» MATERIAL PROVIDED

----

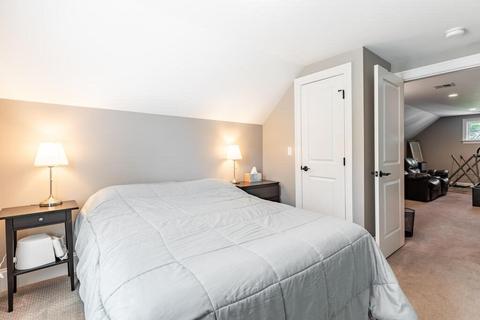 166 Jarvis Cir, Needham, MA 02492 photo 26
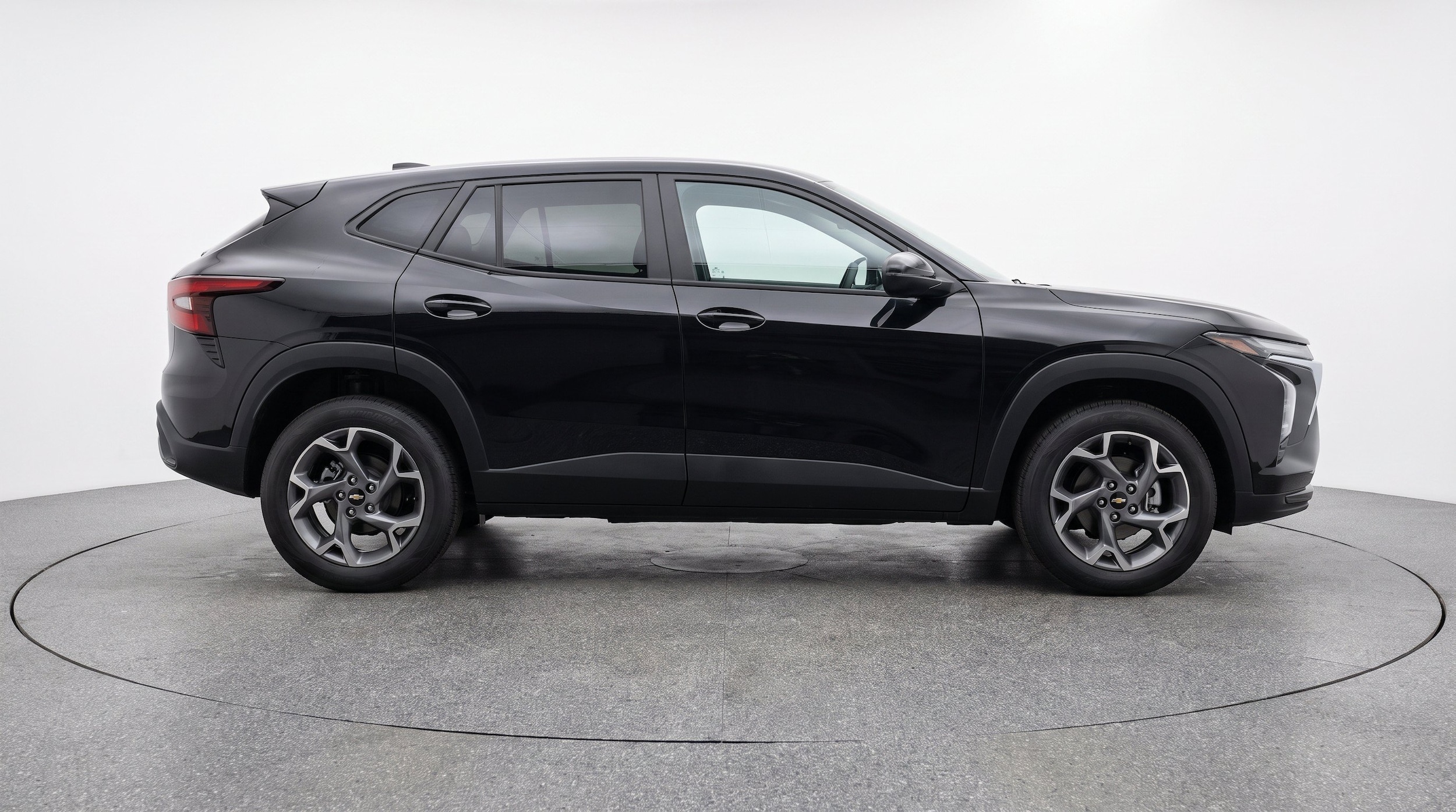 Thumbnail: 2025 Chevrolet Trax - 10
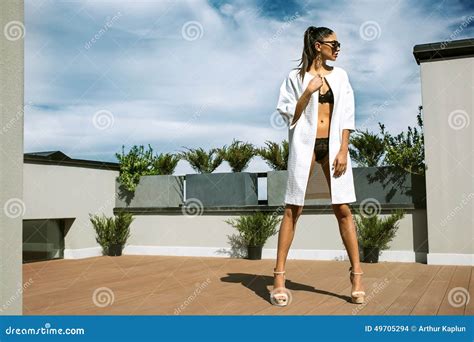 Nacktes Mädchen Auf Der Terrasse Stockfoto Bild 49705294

----

» WHAT TO DO
Leave the images out and output the remaining material exactly as it stands.

» OUTPUT FOR THIS TASK
 166 Jarvis Cir, Needham, MA 02492 photo 26
 Thumbnail: 2025 Chevrolet Trax - 10
 Nacktes Mädchen Auf Der Terrasse Stockfoto Bild 49705294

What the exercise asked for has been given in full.